Zwingli in his rejection of Roman Catholic teaching went to the opposite extreme and opposed any real presence of Christ's body and blood in the bread and the wine. In his initial teaching, at least, the Lord's Supper was for Zwingli a symbolic meal. The word 'is' for Zwingli in our Lord's words at the Last Supper meant, 'This signifies my body' and 'This signifies my blood'. There is evidence of a more positive view of the Lord's Supper in his later teaching, but it is fair to say that Zwingli and Luther fell out over this in a big way with the result that Protestants were to be seriously divided over the meaning of the Lord's Supper, a division which remains to this day.
Zwingli's view has been caricatured as belief in the real absence of Jesus, which is unfair to Zwingli, but not to many of those who followed him. It is a reminder that it is one thing to say what you are against, another to say what you are for!
It is to Calvin's great credit that he spent so much time in his writings trying to develop a positive doctrine of the Eucharist, focusing as much on what was happening as on what was not. Like Zwingli, Calvin rejected the idea that Christ is in anyway physically present in the bread and the wine and so disagreed with Luther and his followers on this. Furthermore, he was not afraid to say so! Calvin, however, also worked hard to reach agreement over the meaning of the Lord's Supper with those who succeeded Zwingli and followed Zwingli's teaching. His efforts were met with some success.
Reading Calvin, what comes across, to me at least, is that the Lord's Supper meant something to him on a more than intellectual level. You get the impression that the Lord's Supper is very much part of his spiritual life and that without it he would feel spiritually impoverished. He is not just writing in a theoretical way about Christian doctrine, but about something that is central to his experience of the Christian life. This explains why for Calvin frequent participation in the Lord's Supper is so important. Calvin alone in his day believed that the Eucharist should be celebrated and the sacrament received by believers on a weekly basis. The Lord's Supper is something that for Calvin truly matters.

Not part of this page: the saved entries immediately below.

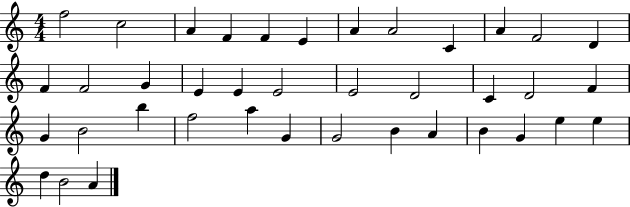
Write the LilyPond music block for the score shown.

{
  \clef treble
  \numericTimeSignature
  \time 4/4
  \key c \major
  f''2 c''2 | a'4 f'4 f'4 e'4 | a'4 a'2 c'4 | a'4 f'2 d'4 | \break f'4 f'2 g'4 | e'4 e'4 e'2 | e'2 d'2 | c'4 d'2 f'4 | \break g'4 b'2 b''4 | f''2 a''4 g'4 | g'2 b'4 a'4 | b'4 g'4 e''4 e''4 | \break d''4 b'2 a'4 | \bar "|."
}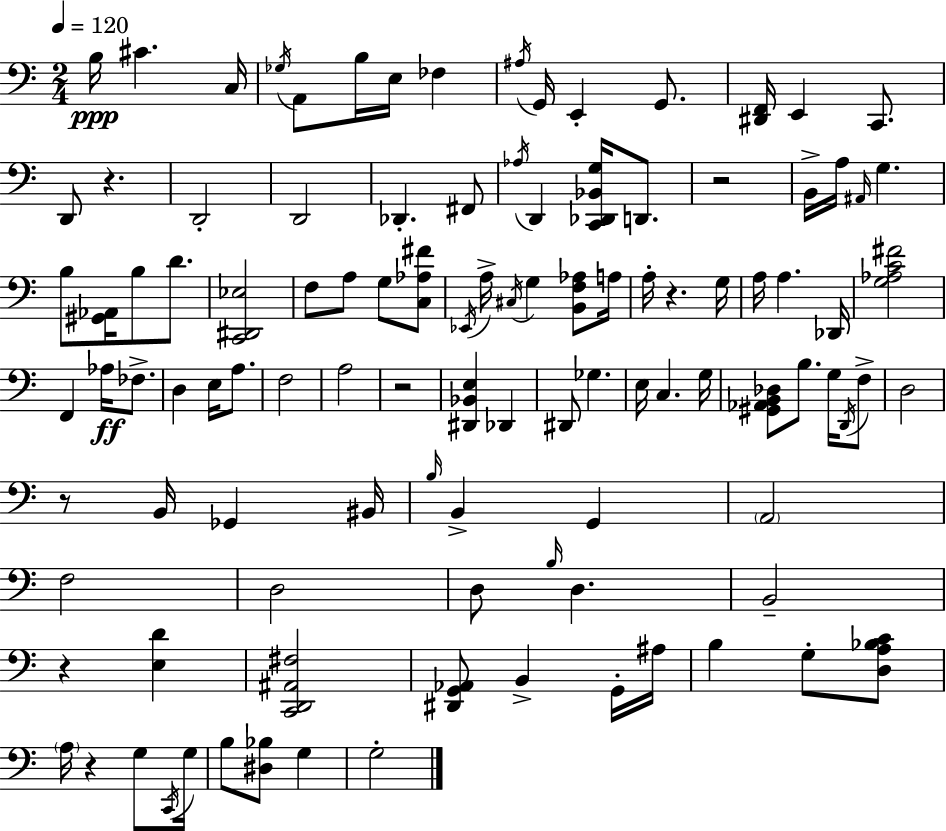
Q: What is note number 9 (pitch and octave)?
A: A#3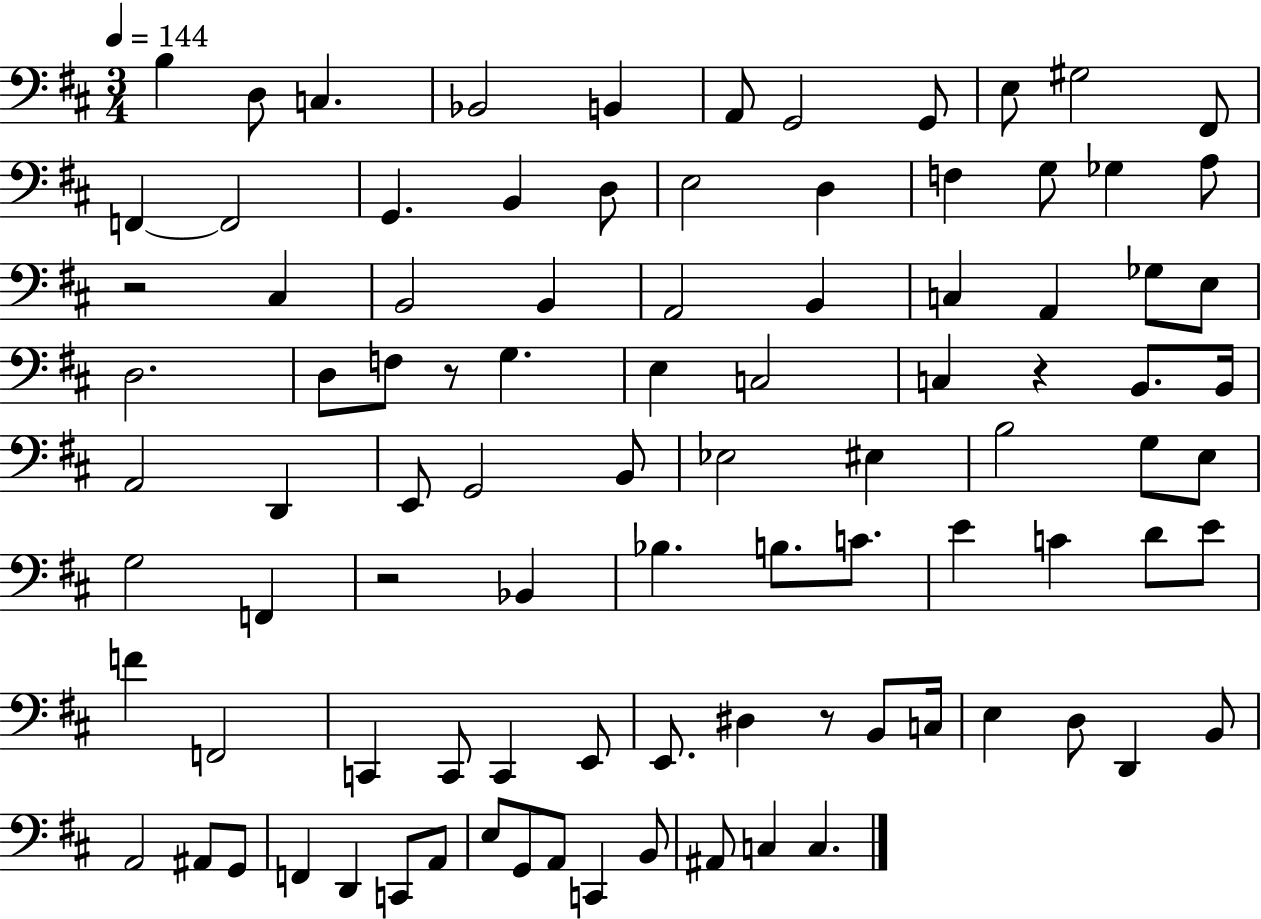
{
  \clef bass
  \numericTimeSignature
  \time 3/4
  \key d \major
  \tempo 4 = 144
  b4 d8 c4. | bes,2 b,4 | a,8 g,2 g,8 | e8 gis2 fis,8 | \break f,4~~ f,2 | g,4. b,4 d8 | e2 d4 | f4 g8 ges4 a8 | \break r2 cis4 | b,2 b,4 | a,2 b,4 | c4 a,4 ges8 e8 | \break d2. | d8 f8 r8 g4. | e4 c2 | c4 r4 b,8. b,16 | \break a,2 d,4 | e,8 g,2 b,8 | ees2 eis4 | b2 g8 e8 | \break g2 f,4 | r2 bes,4 | bes4. b8. c'8. | e'4 c'4 d'8 e'8 | \break f'4 f,2 | c,4 c,8 c,4 e,8 | e,8. dis4 r8 b,8 c16 | e4 d8 d,4 b,8 | \break a,2 ais,8 g,8 | f,4 d,4 c,8 a,8 | e8 g,8 a,8 c,4 b,8 | ais,8 c4 c4. | \break \bar "|."
}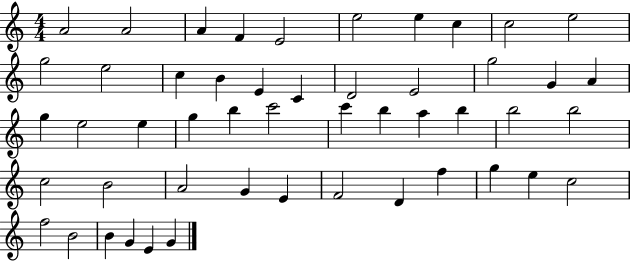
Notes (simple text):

A4/h A4/h A4/q F4/q E4/h E5/h E5/q C5/q C5/h E5/h G5/h E5/h C5/q B4/q E4/q C4/q D4/h E4/h G5/h G4/q A4/q G5/q E5/h E5/q G5/q B5/q C6/h C6/q B5/q A5/q B5/q B5/h B5/h C5/h B4/h A4/h G4/q E4/q F4/h D4/q F5/q G5/q E5/q C5/h F5/h B4/h B4/q G4/q E4/q G4/q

While Calvin agreed with Zwingli that Christ is not physically present in the bread and the wine, he rejected any idea that the bread and the wine were empty symbols. He says that what they 'represent, they also present'. He believed that Christ's body and blood are truly offered to us in the sacrament and that when we partake of the sacrament by faith, we spiritually feed on the body and blood of Christ. Christ is thus really present in the sacrament albeit spiritually by faith. We can describe the bread as Christ's body and the wine as Christ's blood because that is what they represent and what they offer the believer who by faith wants to feed on Christ.
I have said here before that for me this is the most helpful way of looking at the Lord's Supper. If I may be so bold, however, I think I would like to go a little farther than Calvin at least in trying to explain our use of language. At the reformation, the argument was very much over whether Christ's body and blood were present in the sacrament. Again, at the risk of over-simplifying, some such as Luther said they were present physically and some such as Calvin, spiritually. There is still, however, a tendency to suggest that we must literally eat Christ's actual body and drink his actual blood whether we do this physically (Luther) or spiritually (Calvin). Where I think Zwingli was on to something was in feeling uncomfortable with this understanding of the Biblical language. I think his own understanding went in the wrong direction, but he is right to ask what the language means.
Surely the language of eating and drinking Christ's body and blood is metaphorical, that is, that what we are being invited to do when we are offered the body and blood of Christ is to participate in the benefits that Christ's death and sacrifice have obtained and made possible for us. To focus on eating the body and drinking the blood whether we do this physically or spiritually is surely to stop at the sign and not to move on to where the sign is pointing.
Not for one moment do I want to suggest that nothing is happening in the Eucharist. I believe absolutely in the real presence of Christ in the Eucharist and, to put it bluntly, that Christ is offered to us in the Eucharist in a way that he is not offered to us elsewhere. The bread and wine by representing the body and blood of Christ, are presenting to us all the benefits of Christ's passion. What we are being offered is not simply Christ's body and blood, in whatever sense, but an intimate communion with the person of Christ himself made possible by the body and blood of Christ.
In other words to stop at the idea of eating Christ's body and blood, perversely, is to limit the presence of Christ in the sacrament. When Christ said in John 6:57 'whoever eats me, will live because of me' he meant far more than 'whoever believes in me will live because of me', but, surely, he also meant more than 'whoever has bite of my flesh and sucks my blood, will live because of me'. Surely what he is referring to is a union between himself and the believer that is so real and intense that only the language of feeding on him is powerful enough to express it.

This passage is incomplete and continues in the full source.